As filed with the Securities and Exchange Commission
                                  on August 18, 1998
                                                  Registration No. 333-  
==============================================================================

                          SECURITIES AND EXCHANGE COMMISSION
                                WASHINGTON, D.C. 20549
                                ______________________

                                       FORM S-8
                                REGISTRATION STATEMENT
                                        UNDER
                              THE SECURITIES ACT OF 1933
                                ______________________

                                  TRO LEARNING, INC.
                (Exact name of registrant as specified in its charter)

          Delaware                                             36-3660532
(State or other jurisdiction of                             (I.R.S. Employer
 incorporation or organization)                            Identification No.)

                         1721 Moon Lake Boulevard, Suite 555
                           Hoffman Estates, Illinois 60194
                                    (847) 781-7800

       (Address, including ZIP code, and telephone number, including area code,
                     of registrant's principal executive offices)

                                  TRO LEARNING, INC.
                               SAVINGS/RETIREMENT PLAN
                                 (Full title of plan)


                                 ANDREW N. PETERSON
                               SENIOR VICE PRESIDENT,
                              CHIEF FINANCIAL OFFICER
                                   AND TREASURER
                              1721 MOON LAKE BOULEVARD
                                     SUITE 555
                          HOFFMAN ESTATES, ILLINOIS 60194
                                   (847) 781-7800

                       (Name, address, including ZIP code, and
                         telephone number, including area code,
                                 of agent for service)
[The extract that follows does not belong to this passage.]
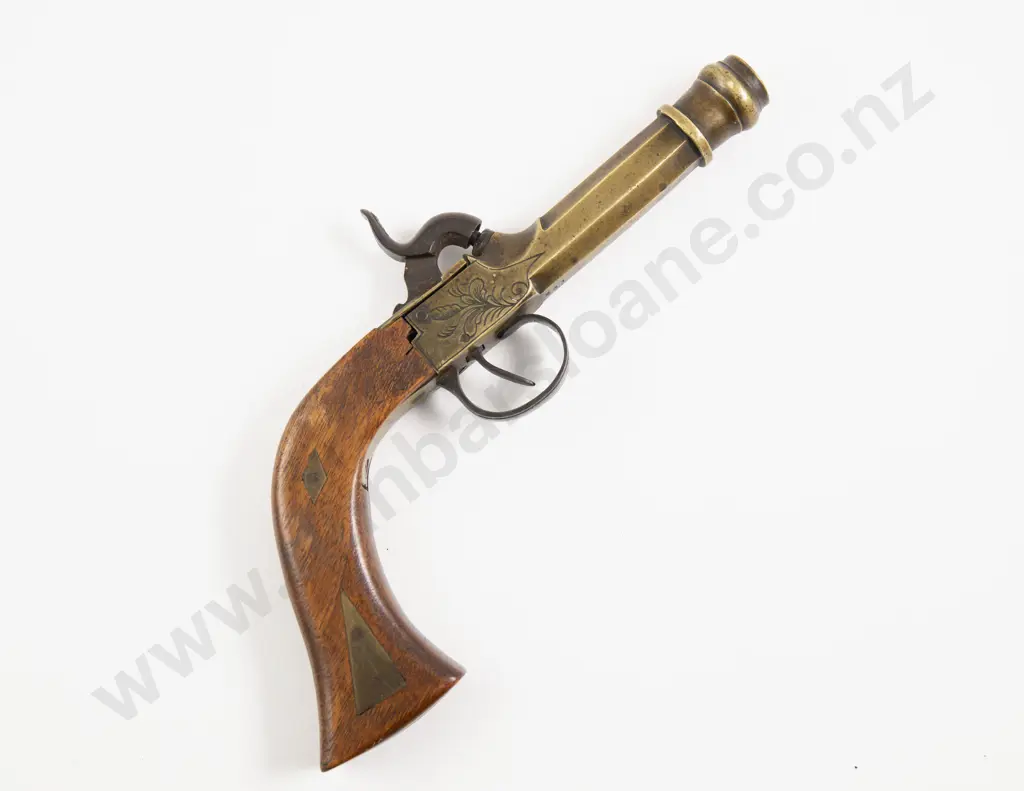 Antique C19th Cannon Barrel Percussion Cap Pistol Image 1++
                                      COPY TO:
                             LELAND E. HUTCHINSON, ESQ.
                                  WINSTON & STRAWN
                                35 WEST WACKER DRIVE
                              CHICAGO, ILLINOIS 60601
                                   (312) 558-7336




                           CALCULATION OF REGISTRATION FEE


                                                    Proposed             Proposed
Title of securities      Amount to be           maximum offering     maximum aggregate       Amount of
to be registered (1)     registered (1)         price per share (2)  offering price (1)   registration fee
                                                                                  

Common Stock,             200,000 shs.              $9.50               $1,900,000.00            $560.50
par value
$.01 per share
==========================================================================================================

(1)  In addition, pursuant to Rule 416(c) under the Securities Act of 1933, as
     amended, this Registration Statement also covers an indeterminate amount of
     interests to be offered or sold pursuant to the employee benefit plan
     described herein.

(2)  Calculated pursuant to Rule 457(h) of the Securities Act of 1933, as
     amended, based upon the average of the bid and ask price of the Common
     Stock of TRO Learning, Inc. on the Nasdaq National Market on August 14,
     1998.


                                       PART II
                             INFORMATION REQUIRED IN THE
                                REGISTRATION STATEMENT


ITEM 3.   INCORPORATION OF CERTAIN DOCUMENTS BY REFERENCE

          The following documents heretofore filed with the Securities and 
Exchange Commission (the "Commission") by TRO Learning, Inc. (the "Company") 
and by the TRO Learning, Inc. 401(K) Plan (the "Plan") are incorporated 
herein by reference:

          (a)  The Company's Annual Report on Form 10-K as filed with the 
Commission (file number 000-20842) on January 15, 1998 under the Securities 
Exchange Act of 1934, as amended (the "Exchange Act"), containing audited 
financial statements for the Company's latest fiscal year.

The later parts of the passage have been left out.